É claro que o fato de saber de cor o dingle do Paulino, aquele do “abraço”, do “15 de Zé Alencar, é o 15 de Itamar...”, “é 40, confirma, é Célio” dentre inúmeros outros, contribuiu, e muito, para que eu entrasse no curso de Direito. Só hoje tenho essa consciência de que essa minha fixação política me levou a seguir esse caminho. Sempre fui PT. Hoje em dia é pecado mortal apoiar Dilma, e os 80% de aprovação do Lula me parecem invisíveis pelos que me cercam. O caminho que a política percorreu ao longo da longeva eleição até a que estamos presenciando me fez desfazer em minha cabeça qualquer pensamento em relação a, basicamente, credibilidade de qualquer espécie de legenda, partido e coligação. Não tem lógica alguma. Não preciso me estender muito nesse assunto para me faz explicar, porque os fatos estão escancarados em qualquer imprensa me confirmando. Não me prendo mais em partidos. Partidos não existem, o sistema eleitoral proporcional é um lixo, confunde e emburrece o eleitor cada vez mais e mais, a ponto de ninguém saber nem mais se o candidato em que votou foi eleito ou não.

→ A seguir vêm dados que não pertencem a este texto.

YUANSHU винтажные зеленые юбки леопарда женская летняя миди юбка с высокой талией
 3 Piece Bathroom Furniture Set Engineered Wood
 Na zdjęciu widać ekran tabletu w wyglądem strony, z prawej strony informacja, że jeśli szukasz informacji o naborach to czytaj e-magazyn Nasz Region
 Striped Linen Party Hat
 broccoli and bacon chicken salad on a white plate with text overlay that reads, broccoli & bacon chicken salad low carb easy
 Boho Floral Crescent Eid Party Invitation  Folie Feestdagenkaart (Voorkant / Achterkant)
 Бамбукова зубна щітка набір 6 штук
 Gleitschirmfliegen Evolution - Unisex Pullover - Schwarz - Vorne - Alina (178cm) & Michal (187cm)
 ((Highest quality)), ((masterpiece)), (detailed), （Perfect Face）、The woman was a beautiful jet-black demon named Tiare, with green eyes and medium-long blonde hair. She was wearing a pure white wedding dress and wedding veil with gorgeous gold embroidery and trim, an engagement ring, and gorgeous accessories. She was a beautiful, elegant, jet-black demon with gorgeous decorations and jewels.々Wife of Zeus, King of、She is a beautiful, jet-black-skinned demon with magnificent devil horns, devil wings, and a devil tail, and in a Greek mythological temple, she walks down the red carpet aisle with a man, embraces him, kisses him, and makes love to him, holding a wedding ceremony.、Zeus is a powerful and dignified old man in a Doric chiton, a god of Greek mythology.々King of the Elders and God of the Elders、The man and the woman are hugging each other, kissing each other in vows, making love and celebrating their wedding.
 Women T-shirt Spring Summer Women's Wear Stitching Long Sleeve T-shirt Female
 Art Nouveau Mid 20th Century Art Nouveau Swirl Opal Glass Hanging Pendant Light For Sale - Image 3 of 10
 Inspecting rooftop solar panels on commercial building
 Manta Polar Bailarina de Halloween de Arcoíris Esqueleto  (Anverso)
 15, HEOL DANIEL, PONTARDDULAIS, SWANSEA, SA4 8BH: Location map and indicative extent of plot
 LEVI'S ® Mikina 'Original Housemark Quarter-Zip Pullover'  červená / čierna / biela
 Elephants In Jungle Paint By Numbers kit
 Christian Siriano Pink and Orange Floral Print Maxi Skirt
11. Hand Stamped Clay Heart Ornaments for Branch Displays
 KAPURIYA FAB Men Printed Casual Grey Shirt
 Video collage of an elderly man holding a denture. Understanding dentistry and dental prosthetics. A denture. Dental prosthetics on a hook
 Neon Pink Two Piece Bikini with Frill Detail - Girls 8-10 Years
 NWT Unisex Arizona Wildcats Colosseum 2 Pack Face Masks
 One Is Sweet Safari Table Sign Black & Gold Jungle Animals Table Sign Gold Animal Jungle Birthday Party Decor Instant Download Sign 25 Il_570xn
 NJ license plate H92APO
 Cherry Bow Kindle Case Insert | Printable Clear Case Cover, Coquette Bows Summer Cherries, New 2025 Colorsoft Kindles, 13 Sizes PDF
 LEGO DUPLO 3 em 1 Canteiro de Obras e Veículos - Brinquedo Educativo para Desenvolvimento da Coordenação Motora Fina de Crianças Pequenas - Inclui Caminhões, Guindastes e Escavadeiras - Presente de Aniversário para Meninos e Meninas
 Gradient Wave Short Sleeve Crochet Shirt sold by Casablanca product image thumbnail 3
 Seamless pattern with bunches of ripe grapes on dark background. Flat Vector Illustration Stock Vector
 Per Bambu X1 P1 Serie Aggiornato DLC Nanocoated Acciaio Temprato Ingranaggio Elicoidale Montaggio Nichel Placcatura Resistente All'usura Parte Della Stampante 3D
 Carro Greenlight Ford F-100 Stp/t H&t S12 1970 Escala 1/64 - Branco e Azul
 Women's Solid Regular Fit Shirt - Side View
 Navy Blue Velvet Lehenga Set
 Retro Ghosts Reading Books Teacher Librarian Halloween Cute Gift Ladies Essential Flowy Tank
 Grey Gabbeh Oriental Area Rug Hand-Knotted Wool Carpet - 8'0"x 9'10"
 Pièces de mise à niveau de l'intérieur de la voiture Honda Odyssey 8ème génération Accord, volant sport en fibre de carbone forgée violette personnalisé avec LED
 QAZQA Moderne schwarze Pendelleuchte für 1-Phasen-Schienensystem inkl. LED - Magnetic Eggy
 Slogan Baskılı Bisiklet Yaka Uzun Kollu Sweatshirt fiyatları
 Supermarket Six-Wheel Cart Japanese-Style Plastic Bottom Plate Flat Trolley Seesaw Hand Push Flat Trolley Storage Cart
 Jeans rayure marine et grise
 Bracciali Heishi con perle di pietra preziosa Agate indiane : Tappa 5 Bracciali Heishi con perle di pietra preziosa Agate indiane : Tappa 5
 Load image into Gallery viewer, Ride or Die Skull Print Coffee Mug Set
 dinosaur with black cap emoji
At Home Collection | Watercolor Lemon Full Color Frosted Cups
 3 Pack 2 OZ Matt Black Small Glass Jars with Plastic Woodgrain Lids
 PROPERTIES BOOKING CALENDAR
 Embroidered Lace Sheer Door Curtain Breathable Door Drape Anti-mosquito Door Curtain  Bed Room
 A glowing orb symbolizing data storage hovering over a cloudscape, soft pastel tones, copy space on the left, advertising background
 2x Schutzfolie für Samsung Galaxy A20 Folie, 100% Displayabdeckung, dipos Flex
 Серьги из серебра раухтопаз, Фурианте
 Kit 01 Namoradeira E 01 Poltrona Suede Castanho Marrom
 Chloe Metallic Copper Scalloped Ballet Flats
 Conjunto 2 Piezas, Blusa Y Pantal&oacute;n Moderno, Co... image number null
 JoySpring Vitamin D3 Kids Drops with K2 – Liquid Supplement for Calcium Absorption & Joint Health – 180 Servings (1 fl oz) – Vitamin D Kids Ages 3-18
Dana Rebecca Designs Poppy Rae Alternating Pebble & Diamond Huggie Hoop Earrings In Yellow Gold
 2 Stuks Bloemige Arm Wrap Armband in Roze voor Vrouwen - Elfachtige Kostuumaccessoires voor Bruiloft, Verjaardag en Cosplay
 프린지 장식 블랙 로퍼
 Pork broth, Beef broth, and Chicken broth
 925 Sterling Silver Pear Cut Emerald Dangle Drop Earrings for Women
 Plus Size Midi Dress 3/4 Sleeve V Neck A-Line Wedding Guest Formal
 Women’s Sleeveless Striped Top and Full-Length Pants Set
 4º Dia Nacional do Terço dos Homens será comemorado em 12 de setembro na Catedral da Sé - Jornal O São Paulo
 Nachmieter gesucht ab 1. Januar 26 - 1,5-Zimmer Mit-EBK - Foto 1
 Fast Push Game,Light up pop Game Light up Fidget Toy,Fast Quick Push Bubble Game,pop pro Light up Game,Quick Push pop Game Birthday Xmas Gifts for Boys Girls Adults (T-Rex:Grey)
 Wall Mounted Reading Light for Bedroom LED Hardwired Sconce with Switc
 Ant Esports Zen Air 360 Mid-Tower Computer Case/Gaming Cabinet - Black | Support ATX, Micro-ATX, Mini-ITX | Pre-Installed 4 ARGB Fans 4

Os males e as mazelas do Brasil não são de hoje. O Collor não conseguia governar porque não tinha maioria no Congresso. A maioria no Congresso hoje pertence às grandes coligações, que se elegem em massa através do voto eleitoral e dos puxadores de votos, que se elegem, com mais alguns na carona. Seria interessante essa lógica do sistema proporcional se houvesse, de fato, identidade partidária. O voto eleitoral foi criado para tal fim. Valorizar o partido. O mandato não é do candidato, é do partido. Tudo bem, mas não há nenhuma lógica, hoje em dia, em acreditar que os grandes candidatos tem identidade partidária. Não tem. Ninguém tem.

A crista da onda, Marina, que era do extremo PT esta próxima de se aliar ao PSDB. Ela está certa? Não sei, mas, acima do direito de repensar sua posição, que é legítimo, há um fato interessante quando se observa que por um objetivo político, as coligações são formadas, descrendo qualquer ilusão de oposição real no Brasil. Um exemplo claro, para nós Mineiros, foi o apoio de Jô Moraes, militante ferrenha do PC do B, ao canastrão do Leonardo Quintão, do PMDB, que por sua vez era apoiado pelo Newtão, velho conhecido nosso, de passado e presente pouco nobres e fortuna inexplicável de alguns bilhões. Bilhões. Porque? Porque do outro lado dessa eleição para Prefeito de Belo Horizonte havia o Márcio Lacerda, que acabou vencedor, do PSB, apoiado pelo então Governador Aécio Neves, do PSDB, e pelo então Prefeito Fernando Pimentel, do PT. Abre aspas: Nessa eleição de 2010 ambos foram candidatos a Senador e Aécio apoiou Itamar, que foi eleito junto com ele. Pimentel não.
Então, vejamos: PT e PSDB juntos, depois separados, PMDB junto com o PC do B, e depois somos empurrados pelo voto proporcional, que nos faz engolir, goela abaixo, a tal identidade partidária, que nos empurra candidatos que desconhecemos a nossos representantes no grande congresso de despachantes que virou o Congresso Nacional.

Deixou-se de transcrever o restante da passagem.